::: Data section :::

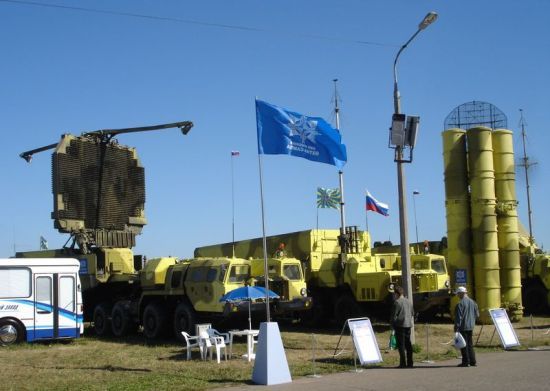 ͼ˹S-300PMU2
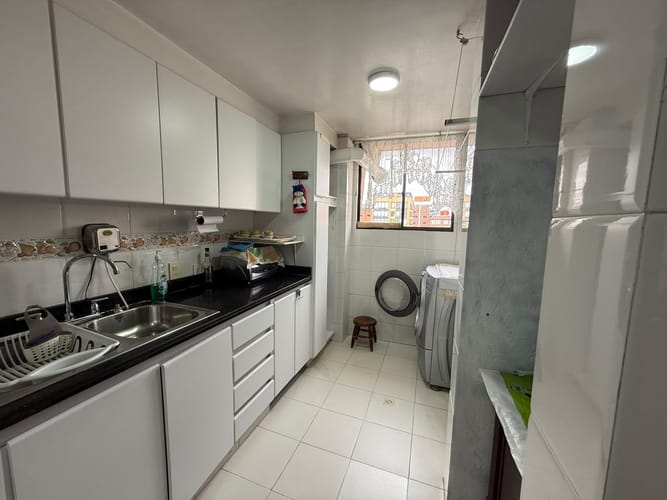 Apartamento de 3 alcobas en venta en Santa Barbara Occidental, Bogotá, 154 m² · foto 15 de 18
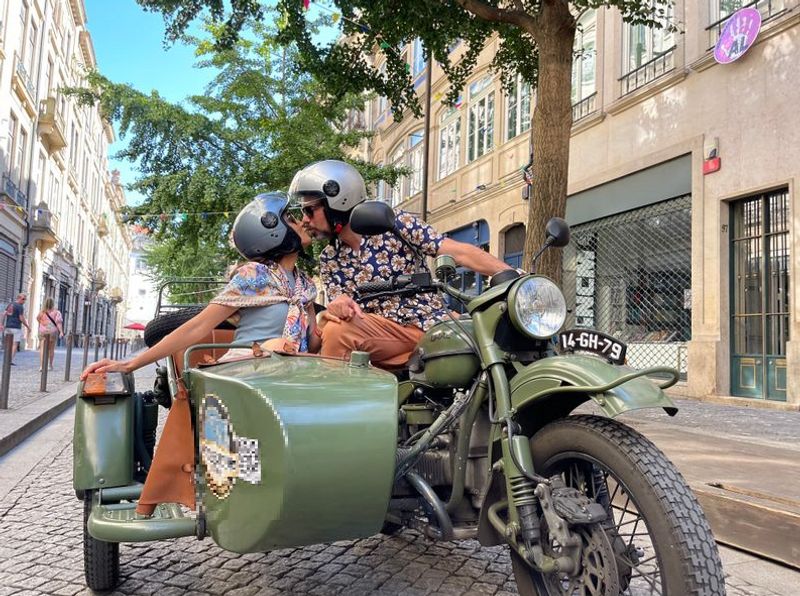 Porto Private Tour - Happy clients exploring Porto on a sidecar 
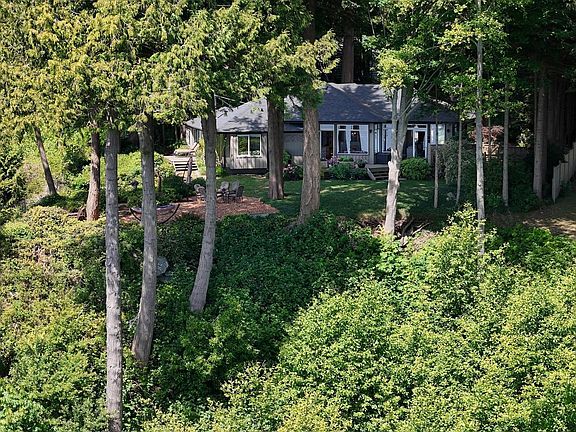 2nd image of 7647 Eureka Pl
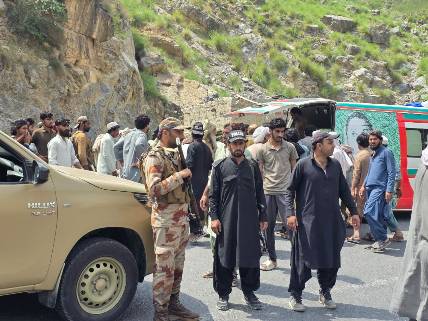 Terrorists kill guard, abduct 18 road workers in Balochistan attack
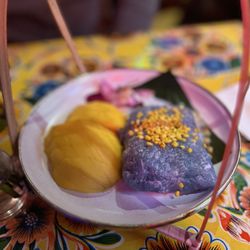 Tuk Tuk Thai Isan Street Food - MANGO STICKY RICE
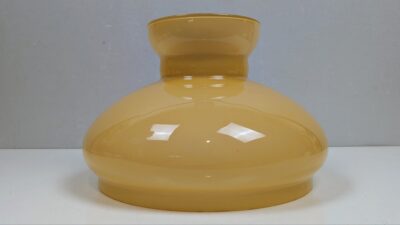 Sandfarvet Holmegaard lampeglas til petroleumslamper eller projekt. Bundring 24,4 cm. Højde 18 cm. Ø28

:::

# Task brief
Using the listing above, set down exactly each line from the one containing "Terrorists kill guard, abduct" through the final line, and leave out pictures.

# Solved exercise
 Terrorists kill guard, abduct 18 road workers in Balochistan attack
 Tuk Tuk Thai Isan Street Food - MANGO STICKY RICE
 Sandfarvet Holmegaard lampeglas til petroleumslamper eller projekt. Bundring 24,4 cm. Højde 18 cm. Ø28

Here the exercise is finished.